When I was shopping for a liveaboard I bought an A layout ketch. The sloop or the cutter would give a less crowded cockpit but the cockpit is large and comfortable.

Pearson 424


----------



## Paul Revere (May 27, 2018)

Thanks for all the advice Guy's!

I'll look at some of the models you suggested, we've looked at Pearson 424/422's in the past, but none seemed to be in the right condition, we'll keep looking for the right one. 

Anyone have any opinions on endeavor 42s?

Thanks,
Paul


----------



## chicory83 (Dec 21, 2009)

SanderO said:


> I did a delivery to the Caribbean of a early 80s Contest 38. It was a center cockpit and quite roomy, nice galley too. It was not a fast boat. Would be a nice charter boat.


Second this suggestion. Sailed a Contest 38 Ketch with my dad for many years. Solidly built and comfortable, but as Sander says, not a fast boat.


----------



## curtis742 (Jan 26, 2016)

So just how many sailboats are fast? Catamarans maybe. Keel boats are all slow. Do the math, square root of the LWL multiplied by 1.34? You would need a boat over 50ft to get close to 10 knots. For the price range go wide, at at least there's a lot of room to enjoy while poking along at 7 knots. Most older boats will need a ton of work and upgrades in that price range. Buy a 60k 42 foot boat and spend another 30k on repairing not counting all the sweat equity or double that at least if you have someone else do the work. Just go ahead and fork over some major cash and get a cat
Shallow draft, wide beam, pretty darn fast as far as blow boats are concerned and more attractive for charter customers.


----------



## Jeff_H (Feb 26, 2000)

Paul Revere said:


> Thanks for all the advice Guy's!
> 
> I'll look at some of the models you suggested, we've looked at Pearson 424/422's in the past, but none seemed to be in the right condition, we'll keep looking for the right one.
> 
> ...


I know the Endeavour 42's pretty well. My Mom had an Endeavour 37 and 40, and I helped a fellow rebuild a 42 after it came out of charter. The Endeavour 42 did not sail particularly well, and was not all that well constructed.

For a charter boat you want a boat that will sail well in a the typical range of conditions or you will end up motoring a lot with a lot of dissatisfied guests.

Also the cockpit on most sub-42 foot center cockpit boats are generally higher out of the water and so you would be more likely to end up with seasick customers.

Jeff


----------



## SanderO (Jul 12, 2007)

curtis742 said:


> So just how many sailboats are fast? Catamarans maybe. Keel boats are all slow.
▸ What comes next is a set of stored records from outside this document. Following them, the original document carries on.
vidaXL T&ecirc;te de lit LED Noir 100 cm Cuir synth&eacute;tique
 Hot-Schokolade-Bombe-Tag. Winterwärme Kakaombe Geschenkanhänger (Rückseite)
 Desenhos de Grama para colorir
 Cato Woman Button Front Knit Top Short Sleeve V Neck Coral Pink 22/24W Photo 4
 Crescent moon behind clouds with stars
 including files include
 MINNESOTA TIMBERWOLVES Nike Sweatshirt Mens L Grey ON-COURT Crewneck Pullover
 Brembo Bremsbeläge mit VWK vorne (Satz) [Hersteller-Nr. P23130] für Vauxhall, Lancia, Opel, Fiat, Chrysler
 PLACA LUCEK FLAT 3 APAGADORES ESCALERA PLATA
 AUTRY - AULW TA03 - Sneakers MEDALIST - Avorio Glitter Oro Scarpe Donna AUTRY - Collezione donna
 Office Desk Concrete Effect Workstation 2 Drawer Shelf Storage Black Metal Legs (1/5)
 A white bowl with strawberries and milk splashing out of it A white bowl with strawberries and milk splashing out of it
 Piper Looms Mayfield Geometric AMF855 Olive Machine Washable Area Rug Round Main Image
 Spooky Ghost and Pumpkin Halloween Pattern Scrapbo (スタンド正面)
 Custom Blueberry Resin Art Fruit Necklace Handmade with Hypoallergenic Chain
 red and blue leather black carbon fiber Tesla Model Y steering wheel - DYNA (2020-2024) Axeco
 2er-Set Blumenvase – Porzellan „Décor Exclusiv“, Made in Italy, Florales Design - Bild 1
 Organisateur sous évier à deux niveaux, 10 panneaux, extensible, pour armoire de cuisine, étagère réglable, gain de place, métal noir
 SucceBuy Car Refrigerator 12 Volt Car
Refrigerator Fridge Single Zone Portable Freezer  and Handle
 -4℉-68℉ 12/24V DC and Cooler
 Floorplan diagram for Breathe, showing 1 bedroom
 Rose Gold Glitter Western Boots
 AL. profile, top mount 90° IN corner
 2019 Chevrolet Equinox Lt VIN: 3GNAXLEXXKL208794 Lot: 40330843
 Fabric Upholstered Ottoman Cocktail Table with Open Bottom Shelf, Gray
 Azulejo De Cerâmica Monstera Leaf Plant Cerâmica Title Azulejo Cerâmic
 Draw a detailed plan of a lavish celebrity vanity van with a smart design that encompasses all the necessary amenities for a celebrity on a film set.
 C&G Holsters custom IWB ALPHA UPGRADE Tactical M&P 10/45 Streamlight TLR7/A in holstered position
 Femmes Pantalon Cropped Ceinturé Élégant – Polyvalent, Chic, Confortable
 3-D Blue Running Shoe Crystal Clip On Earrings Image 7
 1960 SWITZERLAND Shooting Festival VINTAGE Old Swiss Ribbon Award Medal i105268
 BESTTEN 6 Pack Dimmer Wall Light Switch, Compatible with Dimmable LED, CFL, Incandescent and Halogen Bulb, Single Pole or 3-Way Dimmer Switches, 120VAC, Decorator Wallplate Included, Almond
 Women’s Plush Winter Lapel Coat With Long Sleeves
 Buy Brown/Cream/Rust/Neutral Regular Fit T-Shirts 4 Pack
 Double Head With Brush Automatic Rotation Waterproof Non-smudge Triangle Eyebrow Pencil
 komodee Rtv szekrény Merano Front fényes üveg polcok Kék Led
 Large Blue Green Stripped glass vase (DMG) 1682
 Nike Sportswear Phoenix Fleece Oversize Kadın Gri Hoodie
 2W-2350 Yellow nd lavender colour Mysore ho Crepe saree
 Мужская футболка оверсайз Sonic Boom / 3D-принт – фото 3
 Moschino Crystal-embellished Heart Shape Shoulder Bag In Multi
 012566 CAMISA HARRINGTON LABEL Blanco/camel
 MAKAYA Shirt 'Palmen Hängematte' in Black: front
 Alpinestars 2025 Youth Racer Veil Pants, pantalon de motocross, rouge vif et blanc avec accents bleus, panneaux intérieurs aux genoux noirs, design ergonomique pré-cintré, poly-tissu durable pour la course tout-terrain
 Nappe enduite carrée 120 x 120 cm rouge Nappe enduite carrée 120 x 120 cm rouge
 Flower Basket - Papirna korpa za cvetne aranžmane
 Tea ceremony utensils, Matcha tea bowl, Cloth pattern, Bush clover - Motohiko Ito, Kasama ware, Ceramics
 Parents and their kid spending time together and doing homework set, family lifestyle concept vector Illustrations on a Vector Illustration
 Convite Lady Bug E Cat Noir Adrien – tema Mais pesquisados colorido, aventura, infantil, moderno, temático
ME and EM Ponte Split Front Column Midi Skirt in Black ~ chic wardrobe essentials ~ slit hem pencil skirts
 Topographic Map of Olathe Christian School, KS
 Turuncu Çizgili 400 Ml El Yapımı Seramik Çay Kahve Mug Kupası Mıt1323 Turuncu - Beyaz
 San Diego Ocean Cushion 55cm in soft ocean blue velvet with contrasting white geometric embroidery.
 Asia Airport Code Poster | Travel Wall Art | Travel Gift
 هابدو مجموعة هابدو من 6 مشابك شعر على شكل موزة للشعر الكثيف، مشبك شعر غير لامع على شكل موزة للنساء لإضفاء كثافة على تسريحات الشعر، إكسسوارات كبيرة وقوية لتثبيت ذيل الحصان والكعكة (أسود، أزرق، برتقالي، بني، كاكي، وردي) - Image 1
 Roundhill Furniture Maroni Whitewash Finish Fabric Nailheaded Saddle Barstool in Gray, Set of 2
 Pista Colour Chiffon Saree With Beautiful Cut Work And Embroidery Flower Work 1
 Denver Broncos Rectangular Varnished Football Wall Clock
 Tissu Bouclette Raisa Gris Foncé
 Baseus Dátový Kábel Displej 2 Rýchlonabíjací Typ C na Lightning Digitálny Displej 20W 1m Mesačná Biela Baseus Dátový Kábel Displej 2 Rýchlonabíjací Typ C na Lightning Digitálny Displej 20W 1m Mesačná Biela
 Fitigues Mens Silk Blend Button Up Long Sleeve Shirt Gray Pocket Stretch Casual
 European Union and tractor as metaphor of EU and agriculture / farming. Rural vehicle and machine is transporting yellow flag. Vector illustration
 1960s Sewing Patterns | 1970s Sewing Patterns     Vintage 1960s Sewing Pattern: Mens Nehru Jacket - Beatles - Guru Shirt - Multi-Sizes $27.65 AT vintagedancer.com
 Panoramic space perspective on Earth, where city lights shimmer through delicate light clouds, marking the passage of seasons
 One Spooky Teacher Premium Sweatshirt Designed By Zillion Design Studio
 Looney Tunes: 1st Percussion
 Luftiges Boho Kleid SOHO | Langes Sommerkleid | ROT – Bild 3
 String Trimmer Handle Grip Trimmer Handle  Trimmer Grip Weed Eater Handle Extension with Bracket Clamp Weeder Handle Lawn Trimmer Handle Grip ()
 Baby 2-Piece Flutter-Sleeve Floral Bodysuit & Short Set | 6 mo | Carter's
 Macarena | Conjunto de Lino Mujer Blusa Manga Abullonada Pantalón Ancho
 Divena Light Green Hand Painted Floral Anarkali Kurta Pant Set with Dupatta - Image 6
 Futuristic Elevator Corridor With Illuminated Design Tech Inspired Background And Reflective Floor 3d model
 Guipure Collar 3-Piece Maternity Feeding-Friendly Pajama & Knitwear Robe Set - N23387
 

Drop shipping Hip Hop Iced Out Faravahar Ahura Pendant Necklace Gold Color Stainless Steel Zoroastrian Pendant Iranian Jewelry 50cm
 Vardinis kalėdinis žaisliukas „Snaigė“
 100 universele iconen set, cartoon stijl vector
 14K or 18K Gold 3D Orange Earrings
Do the math, square root of the LWL multiplied by 1.34? You would need a boat over 50ft to get close to 10 knots. For the price range go wide, at at least there's a lot of room to enjoy while poking along at 7 knots. Most older boats will need a ton of work and upgrades in that price range. Buy a 60k 42 foot boat and spend another 30k on repairing not counting all the sweat equity or double that at least if you have someone else do the work. Just go ahead and fork over some major cash and get a cat
> Shallow draft, wide beam, pretty darn fast as far as blow boats are concerned and more attractive for charter customers.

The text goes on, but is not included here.